- _What to do_
Retype the entries below without any change.

- _Records provided_

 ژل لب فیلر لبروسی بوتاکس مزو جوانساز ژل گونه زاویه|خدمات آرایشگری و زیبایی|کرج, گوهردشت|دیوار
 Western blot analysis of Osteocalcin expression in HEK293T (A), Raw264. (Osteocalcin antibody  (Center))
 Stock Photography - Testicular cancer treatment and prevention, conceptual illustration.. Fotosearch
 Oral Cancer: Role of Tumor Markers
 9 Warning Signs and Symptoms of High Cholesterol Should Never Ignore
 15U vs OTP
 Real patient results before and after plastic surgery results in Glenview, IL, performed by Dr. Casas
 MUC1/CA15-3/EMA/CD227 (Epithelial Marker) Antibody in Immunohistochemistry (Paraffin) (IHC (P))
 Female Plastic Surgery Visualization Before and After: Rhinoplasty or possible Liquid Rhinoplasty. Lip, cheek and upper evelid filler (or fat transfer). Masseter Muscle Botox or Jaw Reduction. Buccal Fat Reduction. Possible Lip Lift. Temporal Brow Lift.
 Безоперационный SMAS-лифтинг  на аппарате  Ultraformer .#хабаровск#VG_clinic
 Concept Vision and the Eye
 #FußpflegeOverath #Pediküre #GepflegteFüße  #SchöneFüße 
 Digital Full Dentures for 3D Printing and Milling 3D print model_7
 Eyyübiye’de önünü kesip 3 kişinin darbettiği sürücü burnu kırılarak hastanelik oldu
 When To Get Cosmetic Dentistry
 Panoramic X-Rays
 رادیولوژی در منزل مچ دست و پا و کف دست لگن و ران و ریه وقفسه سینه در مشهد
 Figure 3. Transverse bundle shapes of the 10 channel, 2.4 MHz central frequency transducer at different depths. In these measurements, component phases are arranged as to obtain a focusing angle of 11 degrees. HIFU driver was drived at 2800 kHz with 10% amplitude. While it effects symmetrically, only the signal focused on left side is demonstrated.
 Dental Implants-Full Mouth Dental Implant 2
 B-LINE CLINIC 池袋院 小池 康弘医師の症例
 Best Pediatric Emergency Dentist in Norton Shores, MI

- _Answer to this exercise_
 ژل لب فیلر لبروسی بوتاکس مزو جوانساز ژل گونه زاویه|خدمات آرایشگری و زیبایی|کرج, گوهردشت|دیوار
 Western blot analysis of Osteocalcin expression in HEK293T (A), Raw264. (Osteocalcin antibody  (Center))
 Stock Photography - Testicular cancer treatment and prevention, conceptual illustration.. Fotosearch
 Oral Cancer: Role of Tumor Markers
 9 Warning Signs and Symptoms of High Cholesterol Should Never Ignore
 15U vs OTP
 Real patient results before and after plastic surgery results in Glenview, IL, performed by Dr. Casas
 MUC1/CA15-3/EMA/CD227 (Epithelial Marker) Antibody in Immunohistochemistry (Paraffin) (IHC (P))
 Female Plastic Surgery Visualization Before and After: Rhinoplasty or possible Liquid Rhinoplasty. Lip, cheek and upper evelid filler (or fat transfer). Masseter Muscle Botox or Jaw Reduction. Buccal Fat Reduction. Possible Lip Lift. Temporal Brow Lift.
 Безоперационный SMAS-лифтинг  на аппарате  Ultraformer .#хабаровск#VG_clinic
 Concept Vision and the Eye
 #FußpflegeOverath #Pediküre #GepflegteFüße  #SchöneFüße 
 Digital Full Dentures for 3D Printing and Milling 3D print model_7
 Eyyübiye’de önünü kesip 3 kişinin darbettiği sürücü burnu kırılarak hastanelik oldu
 When To Get Cosmetic Dentistry
 Panoramic X-Rays
 رادیولوژی در منزل مچ دست و پا و کف دست لگن و ران و ریه وقفسه سینه در مشهد
 Figure 3. Transverse bundle shapes of the 10 channel, 2.4 MHz central frequency transducer at different depths. In these measurements, component phases are arranged as to obtain a focusing angle of 11 degrees. HIFU driver was drived at 2800 kHz with 10% amplitude. While it effects symmetrically, only the signal focused on left side is demonstrated.
 Dental Implants-Full Mouth Dental Implant 2
 B-LINE CLINIC 池袋院 小池 康弘医師の症例
 Best Pediatric Emergency Dentist in Norton Shores, MI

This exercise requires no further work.